▶ **YOUR TASK**: Return the lines of the listing below exactly as they appear, beginning at the one with "Used 2023 Chrysler" and stopping after the one with "成都城市春天5室2厅198.73平高楼层/共31层"; do not include pictures.

▶ **PROVIDED DATA**:

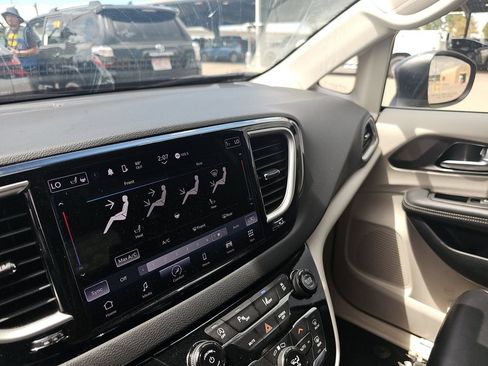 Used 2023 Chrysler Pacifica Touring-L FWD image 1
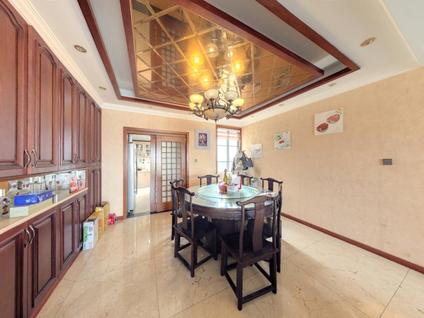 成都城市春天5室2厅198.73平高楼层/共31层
...
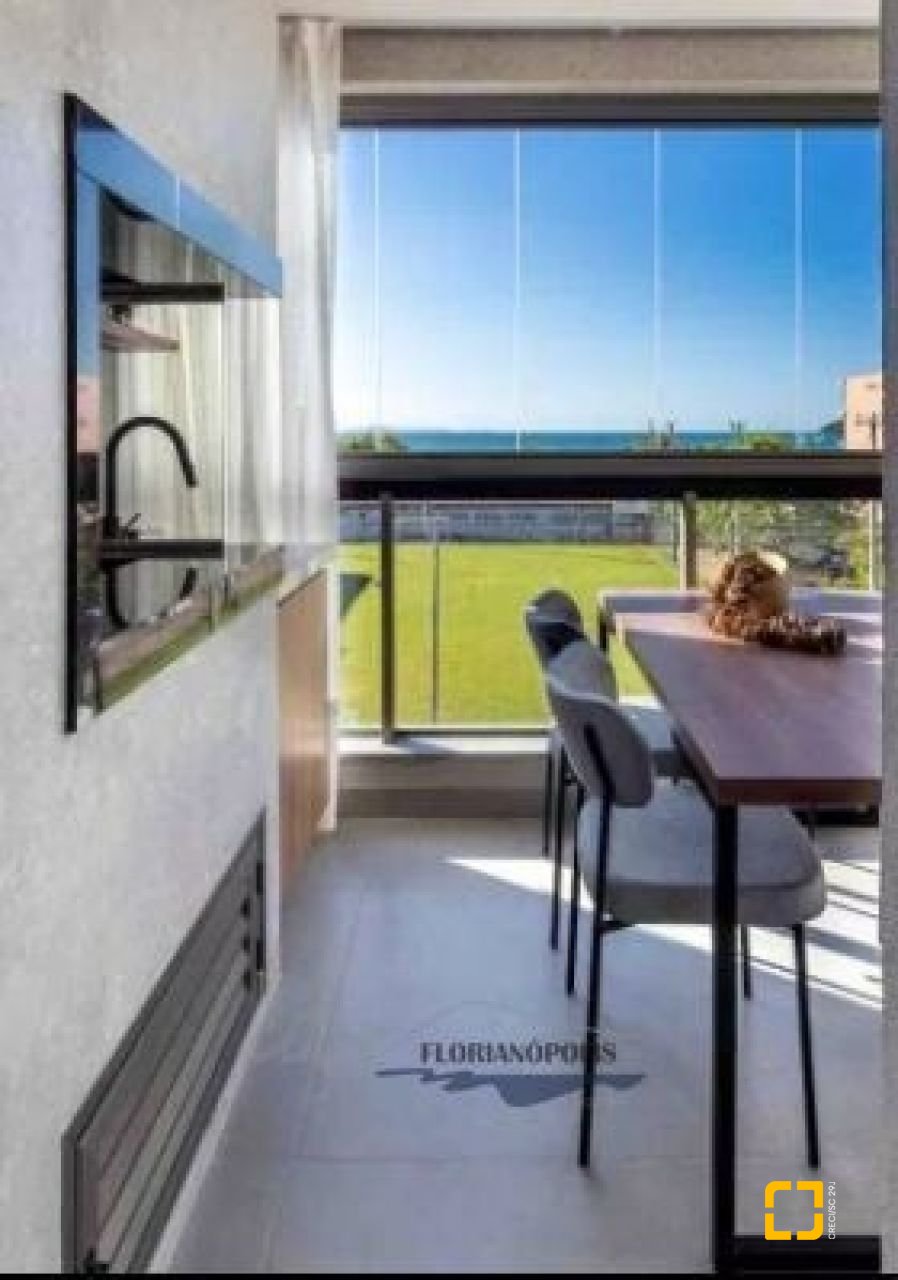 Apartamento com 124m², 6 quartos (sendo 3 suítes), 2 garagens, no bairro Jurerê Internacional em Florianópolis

▶ **WRITTEN RESPONSE**:
 Used 2023 Chrysler Pacifica Touring-L FWD image 1
 成都城市春天5室2厅198.73平高楼层/共31层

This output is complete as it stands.